That was thirty years ago. Now the tune has changed
As a result, drivers have a team of athletic trainers and physiotherapists at their disposal, figures who day by day take care of the physical condition of their patients. The Indian Balbir Singh is an emblematic figure, a permanent presence alongside Michael Schumacher between the end of the 1990s and the first lustre of the year 2000.

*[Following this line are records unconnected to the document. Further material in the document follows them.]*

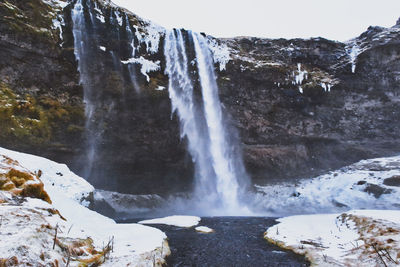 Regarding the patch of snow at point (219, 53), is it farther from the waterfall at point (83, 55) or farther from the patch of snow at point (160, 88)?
the waterfall at point (83, 55)

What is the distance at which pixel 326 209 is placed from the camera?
2342cm

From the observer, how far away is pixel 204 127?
89.0 ft

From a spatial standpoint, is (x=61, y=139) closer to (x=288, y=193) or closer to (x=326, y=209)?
(x=288, y=193)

However, there are also those who prefer the grandeur of a snowy mountain to the lull of the waves crashing on the shores, choosing to wear skis and engage in exhausting cross-country sessions, which harden the body and increase endurance under stress. It was the custom of the Swiss Sauber team - which became Alfa Romeo Sauber in 2018 - to take their drivers to a retreat in the Alps, testing them not only on skis but also in ice climbing challenges.
Lots of gym time to train the most stressed muscles
Nonetheless, in the gym there are those pilots who, like world champion Lewis Hamilton, in addition to the "controlled" exercises, vent stress by boxing, a sport he got close to – not really by his own volition - by his father Anthony. As a child, in fact, the British driver wanted to practice karate, but his father – his future agent, pushed him to put on the gloves. With these, he managed to beat an opponent who was bigger and stronger, a lesson that the driver still carries with him and encourages him to never give up, just like in the ring. Nevertheless, that is another story.
In short, in a sport that is increasingly spectacular and technologically advanced, drivers are called upon to be at their best to face all the challenges that await them.
Challenges that begin in winter, between a machine that simulates driving on the track and a race on uneven ground, and ignite as the last red light goes out.